━━━━━ MATERIAL PROVIDED ━━━━━

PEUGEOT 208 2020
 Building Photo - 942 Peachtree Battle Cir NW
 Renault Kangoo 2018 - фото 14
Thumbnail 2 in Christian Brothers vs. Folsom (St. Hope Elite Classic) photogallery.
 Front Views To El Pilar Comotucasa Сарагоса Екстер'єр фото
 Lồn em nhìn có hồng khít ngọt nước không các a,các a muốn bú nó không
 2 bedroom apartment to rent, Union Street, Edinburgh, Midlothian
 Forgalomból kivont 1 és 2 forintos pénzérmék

━━━━━

Lines that include the word "фото" are to be extracted from the data above.

[SOLUTION TO THE EXERCISE]:
 Renault Kangoo 2018 - фото 14
 Front Views To El Pilar Comotucasa Сарагоса Екстер'єр фото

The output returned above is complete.